Sunday, 28 January 2007

A good time to be had

It looked bad….

Well, I have to say that Saturday night at the Hoist, planned weeks in advance looked pretty grim on Friday night. Having dismissed T then I had expected to be there with Paul: a not unreasonable supposition. In fact, as Paul was feeling a little low last week I had taken a days holiday and brought him down to London for the day in the hope of lessening his growing cabin fever.

And it seemed to be going fine. It was not a session but a meeting of friends and so we talked for a long time, from thinking up things for Saturday, to discussing the online organisation I have been thinking of. But, towards the end of the day, things began to go a bit pear shaped, for me at least, when he became enamoured of going up to Derby ‘for a break’ and leaving on Saturday. This would mean, of course, no-show on Saturday. He also had to borrow the rail fare to go from me, a way of adding insult to injury that Dennis was somewhat surprised about the following night: ‘Masters should not loan money to bois’ was his comment. Hmm…

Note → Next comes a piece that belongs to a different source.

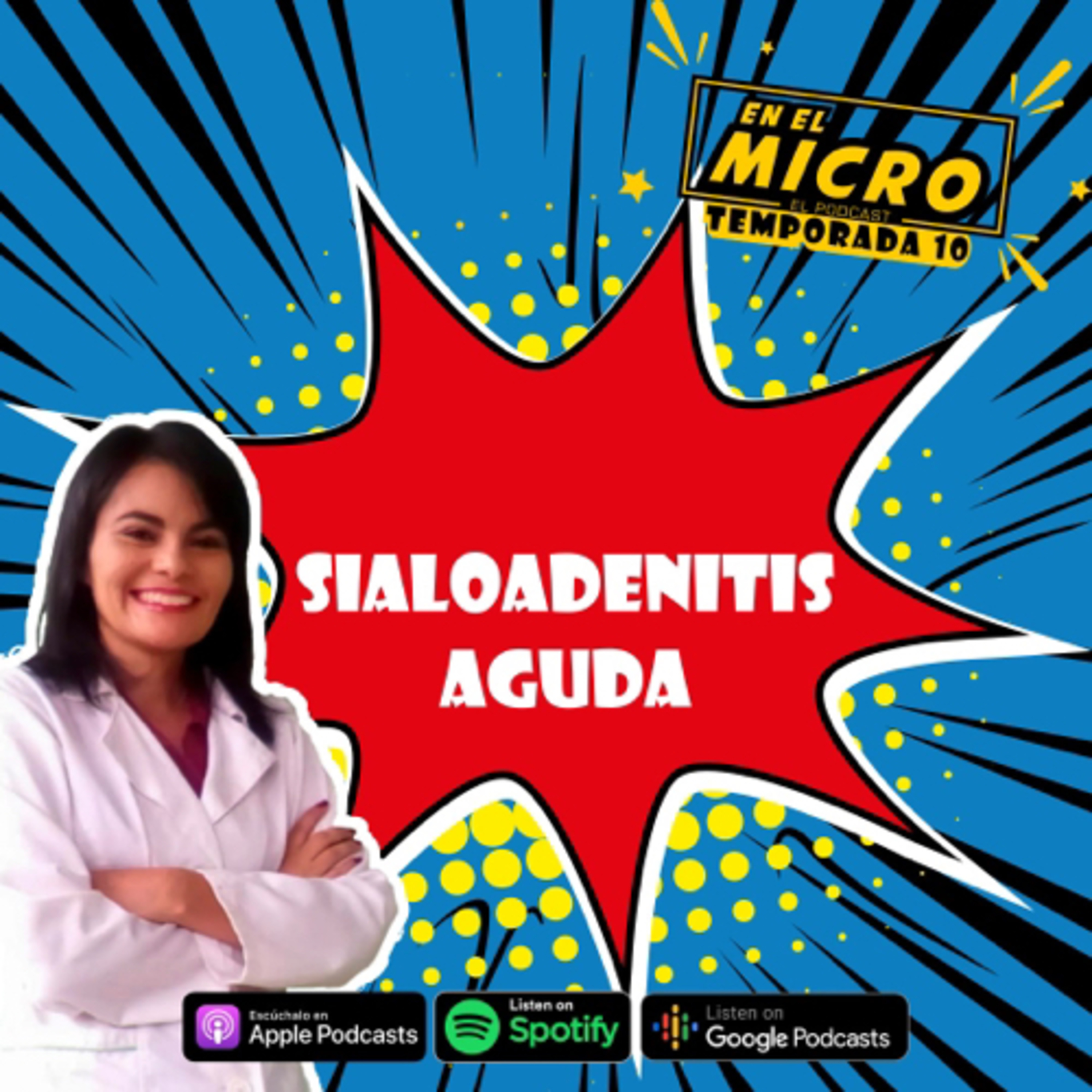 Sialodenitis aguda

Now I hate going to these places without a boi, and at such short notice I was going to find it pretty tricky to bring a lad along. There are a few that I had been talking to, one I am meeting for his first session Thursday, but not for Saturday night. In fact, ironically, I had a call from one of these lads at 5.30 Saturday night: his plans preventing him coming had fallen through, but he had no boots and it was going to be impossible to find/borrow/buy any in time. So I faced the prospect of a pretty grim night at the Hoist knowing Peter and that was about all. Or almost all…

But, every cloud.

I had more or less resigned myself to a fairly dull evening when I chatted with foraging (real name Michael) yesterday. Now I had been totally shameless in my pursuit of this boi on Gaydar and make no apologies for it. Now I knew he was going to be at The Hoist Saturday, indeed all that was really left as a reason for going was the opportunity to meet him in the flesh. Then, he announced on Gaydar on Saturday afternoon, he would be going as a free agent.

Now I would like to say I am not a man given to missing clues, but in the sexual field I often am. Guys have to be bloody obvious with me, I am afraid: subtlety is one of those things I just am not good at in the Gay scene (although I am not so bad in other areas of life). But I was not going to miss this one. So, at The Hoist, I met up with Michael and had a pretty good night. He had spent £80 on a rubber outfit which, beyond my personal hatred of rubber was hopelessly impractical from an access point of view. He looked good in it, but he would have looked good in an old blackout curtain and it would have been more accessible. He left at 2am, and there has been no time for the post mortem I regard as vital, so that will have to be online. I set him a little trap, which he may yet fall into, though I doubt it. If he does not then I have already said he can come down next weekend for what will be a rather gruelling weekend: Hoist Saturday, Hard in Bristol on Sunday.

Michael is another boi who is needlessly self-conscious about his body. This was not helped last night as it was the Mr Hoist 2007 competition so there was more than the usual quota of posturing muscle Marys in leather. Still, only 7 contestants and only £750 raised seems pretty poor. A good slave auction would do better. After Michael left with his ‘friend’ I was buttonholed by T who wanted to apologise in person. Which was fine, but I used the opportunity to explain again why there was no way back. Besides I only take on one trainee at a time and if the boi on Thursday works out then that slot is filled.

What next?

Well, regarding Michael he wants a 24/7 ideally in Manchester where he lives. Now I can fulfil neither desire, and he is well aware of this. But, well, until that happens after last night I would be happy to have him in my stable and for him to come down for regular sessions. I think he would team well with Paul (he is less wilful than Paul and consequently has a stronger desire for obedience, but the outlook is very similar) and that is something I think would work well. But it is now up to him, as what I offer is far less than what he really wants. Whether he is prepared to join my stable until he finds something that fits his desires better we shall have to wait and see. Regarding Paul, well, he has more things to deal with than you could shake a stick at, so although I am disappointed in his decision I cannot be angry, I am generally not angry with anyone for more than a few minutes on my own behalf. So I guess we see about that too.